The data section start
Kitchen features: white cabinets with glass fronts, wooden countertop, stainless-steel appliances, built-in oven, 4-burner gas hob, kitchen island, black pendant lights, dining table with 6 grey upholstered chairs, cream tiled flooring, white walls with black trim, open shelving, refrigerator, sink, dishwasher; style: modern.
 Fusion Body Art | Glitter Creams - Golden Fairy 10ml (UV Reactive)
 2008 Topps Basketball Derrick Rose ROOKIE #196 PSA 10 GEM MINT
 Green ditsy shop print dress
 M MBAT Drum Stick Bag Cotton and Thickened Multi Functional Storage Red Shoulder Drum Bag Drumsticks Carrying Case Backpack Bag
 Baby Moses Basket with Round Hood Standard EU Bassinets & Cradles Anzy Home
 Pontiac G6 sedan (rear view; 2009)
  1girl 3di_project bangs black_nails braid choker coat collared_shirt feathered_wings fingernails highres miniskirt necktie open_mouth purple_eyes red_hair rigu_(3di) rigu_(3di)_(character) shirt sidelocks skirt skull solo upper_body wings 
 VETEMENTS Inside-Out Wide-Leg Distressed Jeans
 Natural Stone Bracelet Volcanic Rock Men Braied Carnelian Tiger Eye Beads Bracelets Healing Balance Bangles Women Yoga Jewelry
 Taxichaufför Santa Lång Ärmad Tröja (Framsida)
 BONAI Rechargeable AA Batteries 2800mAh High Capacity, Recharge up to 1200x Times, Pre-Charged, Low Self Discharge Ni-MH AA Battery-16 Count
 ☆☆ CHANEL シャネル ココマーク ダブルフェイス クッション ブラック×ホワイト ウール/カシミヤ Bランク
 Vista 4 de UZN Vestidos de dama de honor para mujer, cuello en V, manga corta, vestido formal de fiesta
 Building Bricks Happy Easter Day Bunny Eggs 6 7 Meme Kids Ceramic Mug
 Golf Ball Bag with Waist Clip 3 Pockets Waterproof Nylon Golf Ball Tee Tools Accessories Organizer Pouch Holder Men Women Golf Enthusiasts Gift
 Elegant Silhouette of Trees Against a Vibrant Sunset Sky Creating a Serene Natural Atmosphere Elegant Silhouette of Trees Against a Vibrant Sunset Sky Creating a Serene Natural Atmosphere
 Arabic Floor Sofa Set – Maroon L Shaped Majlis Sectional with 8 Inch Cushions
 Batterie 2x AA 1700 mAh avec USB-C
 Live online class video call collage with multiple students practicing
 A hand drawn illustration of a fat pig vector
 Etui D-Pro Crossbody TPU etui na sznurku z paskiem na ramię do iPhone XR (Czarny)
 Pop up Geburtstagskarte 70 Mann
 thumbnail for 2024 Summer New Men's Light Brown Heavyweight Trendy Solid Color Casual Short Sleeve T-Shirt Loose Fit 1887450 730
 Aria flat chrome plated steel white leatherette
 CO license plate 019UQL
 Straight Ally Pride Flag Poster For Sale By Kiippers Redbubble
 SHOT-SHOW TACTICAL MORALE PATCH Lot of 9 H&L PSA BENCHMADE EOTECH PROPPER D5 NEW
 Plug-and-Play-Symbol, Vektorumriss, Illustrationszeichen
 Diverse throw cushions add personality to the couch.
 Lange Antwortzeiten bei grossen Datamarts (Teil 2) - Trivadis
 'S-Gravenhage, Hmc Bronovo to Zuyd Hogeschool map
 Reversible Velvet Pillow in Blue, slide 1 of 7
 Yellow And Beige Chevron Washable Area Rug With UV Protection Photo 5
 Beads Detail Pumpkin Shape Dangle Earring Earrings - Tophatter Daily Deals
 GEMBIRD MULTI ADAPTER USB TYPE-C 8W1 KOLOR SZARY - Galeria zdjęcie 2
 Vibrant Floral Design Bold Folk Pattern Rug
The data section end
- _Problem requirements_:
In the material above, locate the line containing "Baby Moses Basket" and the line containing "Building Bricks Happy". Transcribe exactly those two lines and every line between them, and nothing more.

- _Answer space_:
 Baby Moses Basket with Round Hood Standard EU Bassinets & Cradles Anzy Home
 Pontiac G6 sedan (rear view; 2009)
  1girl 3di_project bangs black_nails braid choker coat collared_shirt feathered_wings fingernails highres miniskirt necktie open_mouth purple_eyes red_hair rigu_(3di) rigu_(3di)_(character) shirt sidelocks skirt skull solo upper_body wings 
 VETEMENTS Inside-Out Wide-Leg Distressed Jeans
 Natural Stone Bracelet Volcanic Rock Men Braied Carnelian Tiger Eye Beads Bracelets Healing Balance Bangles Women Yoga Jewelry
 Taxichaufför Santa Lång Ärmad Tröja (Framsida)
 BONAI Rechargeable AA Batteries 2800mAh High Capacity, Recharge up to 1200x Times, Pre-Charged, Low Self Discharge Ni-MH AA Battery-16 Count
 ☆☆ CHANEL シャネル ココマーク ダブルフェイス クッション ブラック×ホワイト ウール/カシミヤ Bランク
 Vista 4 de UZN Vestidos de dama de honor para mujer, cuello en V, manga corta, vestido formal de fiesta
 Building Bricks Happy Easter Day Bunny Eggs 6 7 Meme Kids Ceramic Mug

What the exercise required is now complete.